Alternatively, the control device 60 may be a server. If the control device 60 is a server, 3D audio data can be produced for users in parallel using the position detection device 70, the input device 80, and the output device 90 for each user. The control device 60, the position detection device 70, and the output device 90 may be integrated into a head-mounted display for augmented reality (AR) or mixed reality (MR). The input device 80 may also be part of the head-mounted display, or the input device 80 may be a controller. When the position detection device 70 is installed at a distance from the user, the position detection device 70 may include a light emitting device, such as an infrared emitting device, and a light receiving device that receives the emission, or a head tracking device such as a camera.
The 3D audio generating device 10 and the 3D audio reproduction device 50 may be capable of transmitting and receiving data to and from each other via a network such as the Internet. In that case, the 3D audio generating device 10 may transmit the generated 3D audio data to the 3D audio reproduction device 50.
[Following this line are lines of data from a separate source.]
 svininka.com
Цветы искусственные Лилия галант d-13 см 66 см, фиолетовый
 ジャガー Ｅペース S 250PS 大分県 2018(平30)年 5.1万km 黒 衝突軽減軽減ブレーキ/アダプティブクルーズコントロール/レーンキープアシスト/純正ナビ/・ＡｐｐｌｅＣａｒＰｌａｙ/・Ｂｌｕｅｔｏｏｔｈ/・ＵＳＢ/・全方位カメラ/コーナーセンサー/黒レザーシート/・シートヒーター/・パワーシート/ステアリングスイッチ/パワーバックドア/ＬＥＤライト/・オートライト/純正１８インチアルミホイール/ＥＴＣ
The detailed configuration of the control device 20 of the 3D audio generating device 10 will be described. In this embodiment, in a virtual space VS that is a virtual 3D space generated by the control device 20, the user draws a line to specify the source position of the sound that forms part of the 3D audio.
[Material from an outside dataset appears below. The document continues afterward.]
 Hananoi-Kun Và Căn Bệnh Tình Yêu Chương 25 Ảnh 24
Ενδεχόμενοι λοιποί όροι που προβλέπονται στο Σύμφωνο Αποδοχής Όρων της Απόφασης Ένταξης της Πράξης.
First, with reference to FIG. 2, a functional configuration of the control device 20 will be described. As shown in FIG. 2, the control device 20 includes a control unit 21 and a storage unit 22. In addition, when the control device 20 communicates with the input device 30 and the output device 40, the control device 20 includes a communication unit 23. The communication unit 23 performs processing for communication between the control device 20 and the input device 30 or the output device 40, such as connection with a device with which it desires to communicate, and transmission and reception of data.
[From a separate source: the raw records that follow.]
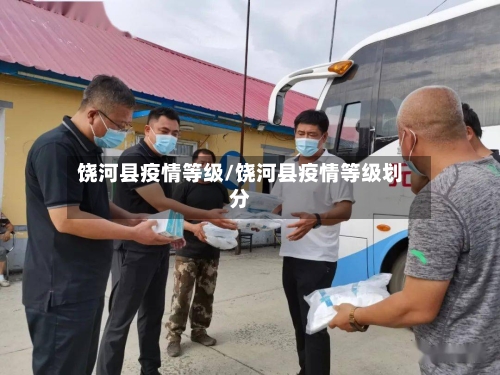 饶河县疫情等级/饶河县疫情等级划分-第2张图片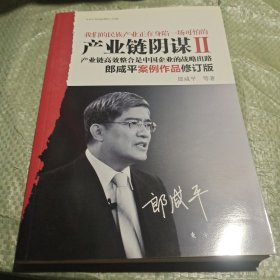 产业链阴谋 II：一场没有硝烟的战争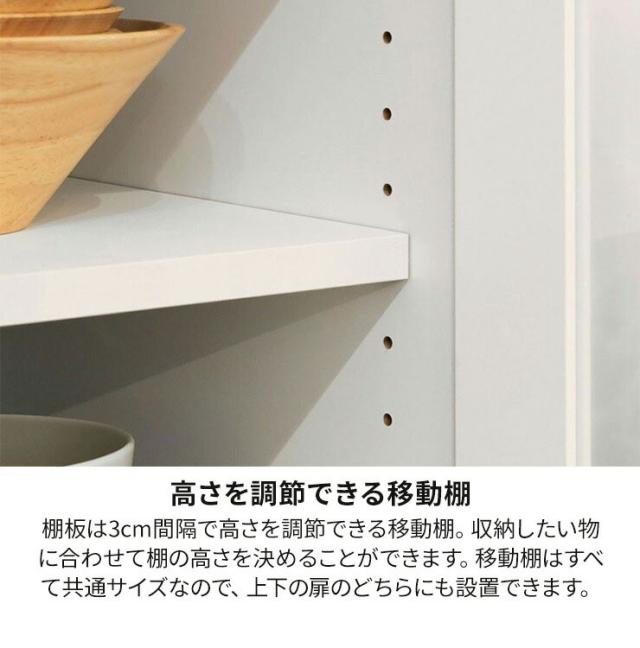 食器棚 幅57cm 高さ181cm ホワイト 白 キッチン収納 シンプル ベアルモ BRM-1855DGHWH 白井産業 移動棚 引き出し ガラス扉 小物収納(代引不可)【送料無料】_8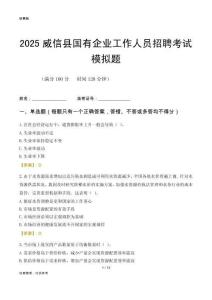 2025威信縣國企招聘考試模擬題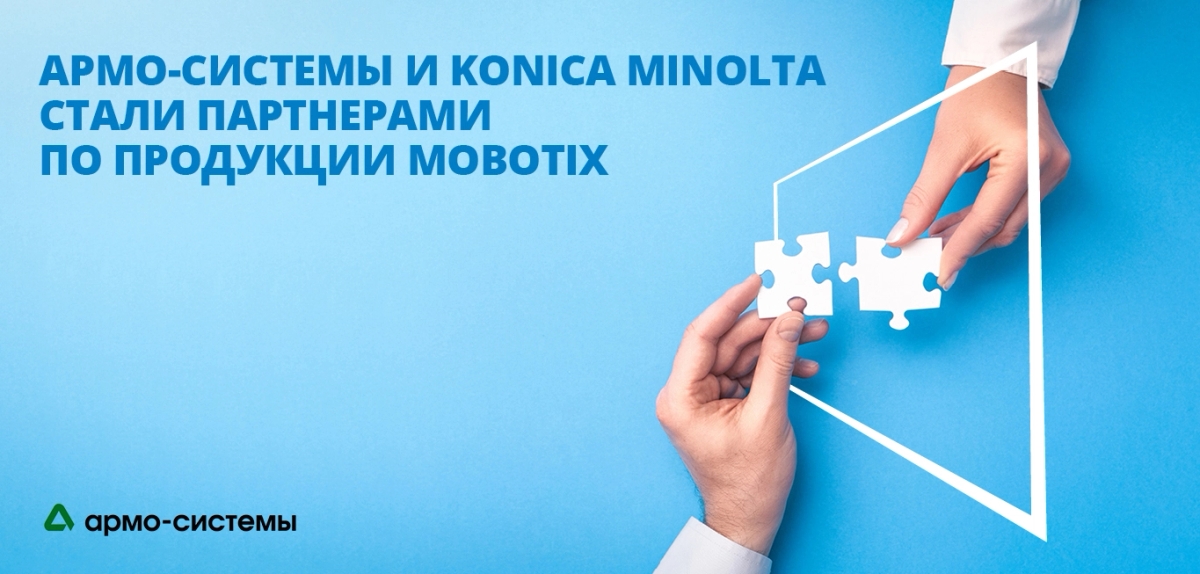 Интеллектуальные решения MOBOTIX от Konica Minolta через поставки компании «АРМО-Системы»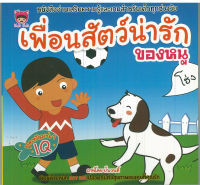 หนังสือ อ่านเสริมความรู้และเกมสำหรับเด็กทุกวัย เรื่อง เพื่อนสัตว์น่ารักของหนู
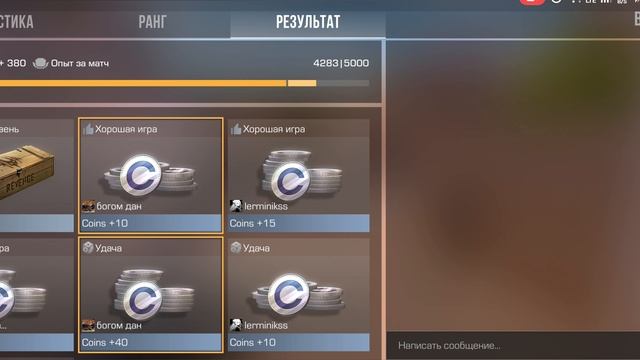 играем в стендофф 2
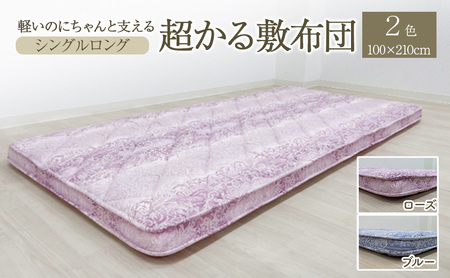 軽いのにちゃんと支える『超かる敷布団』 100×210cm 寝具 敷き布団 布団 シングルロング 羊毛 新潟市 新潟 ブルー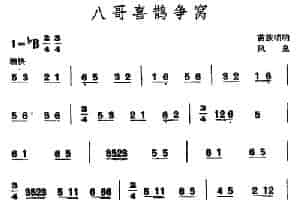 八哥喜鹊争窝（苗族唢呐） 乐器谱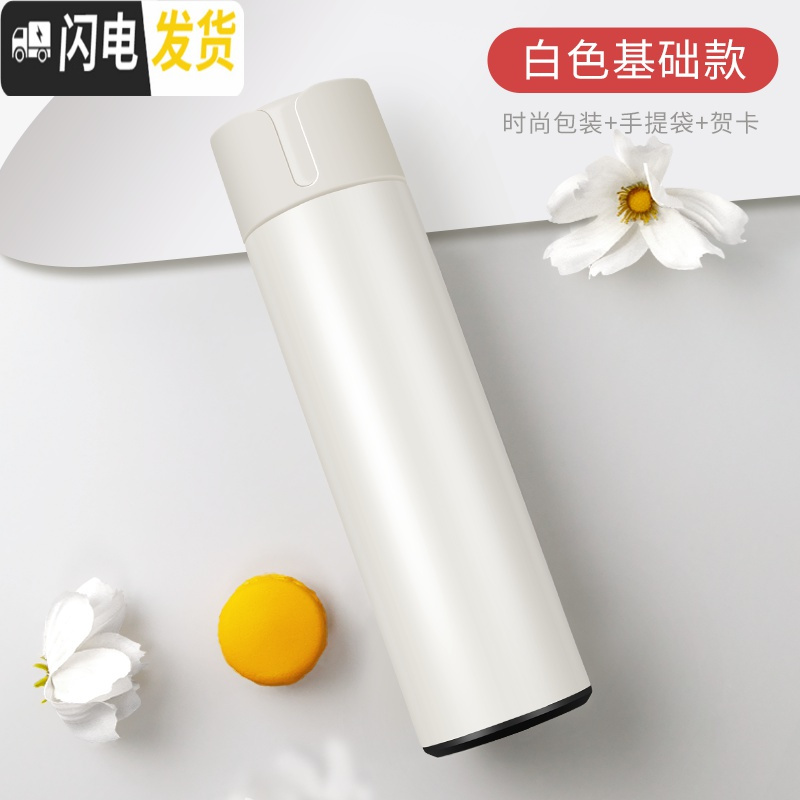 三维工匠智能保温杯男士女大容量便携不锈钢水杯学生简约个性创意潮流杯子 数字显温420/法瓷白—免费刻字代写贺卡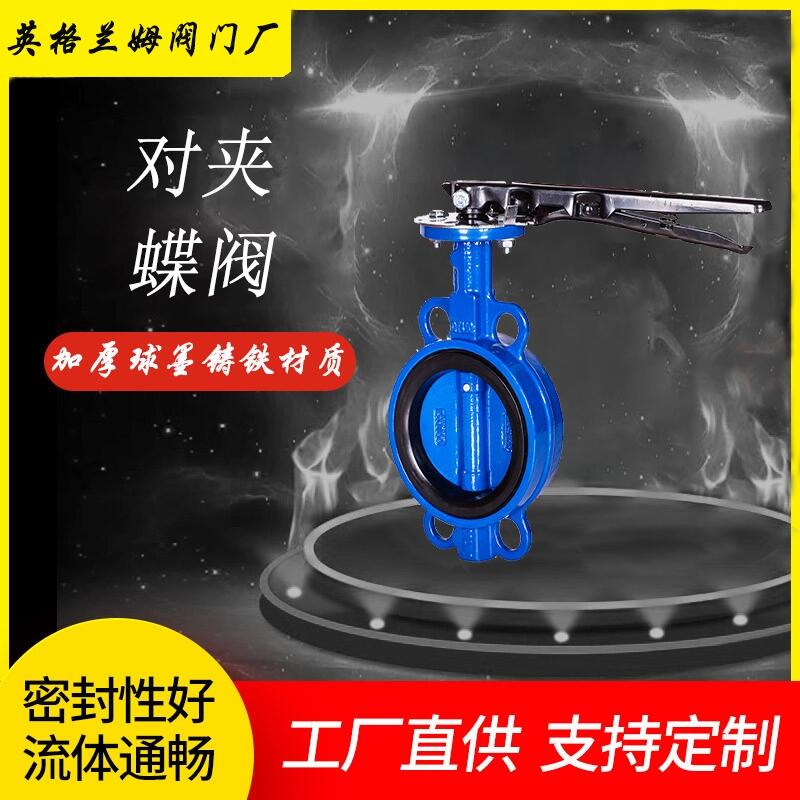  Ӣmķ Aʽy D71X-16Q ܛܷy ֱy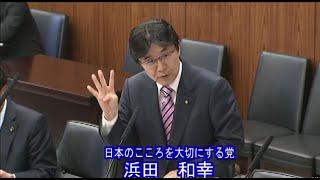 2016年3月22日(火）参議院「外交防衛委員会」浜田和幸議員質疑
The control unit 21 executes a 3D audio generating program stored in the storage unit 22 to function as a virtual space management unit 21a, a drawing management unit 21b, a data generating unit 21c, and a reproduction control unit 21d.
The virtual space management unit 21a generates the virtual space VS. The virtual space VS may be a space in which no objects are placed, or a space in which objects such as structures and natural objects in accordance with the theme of the 3D audio to be created are placed. The virtual space management unit 21a instructs the display unit of the output device 40 to display an image of the virtual space VS as seen from a viewpoint in the virtual space VS.
In addition, the virtual space management unit 21a manages the positions of drawing objects that are objects used to draw lines in the virtual space VS. The drawing objects include an operated object that is moved to draw a line, and a movement assist object that is used to expand the movement range of the operated object.
The virtual space management unit 21a also manages the display of a menu area for instructing sound selection and reproduction of the generated audio data.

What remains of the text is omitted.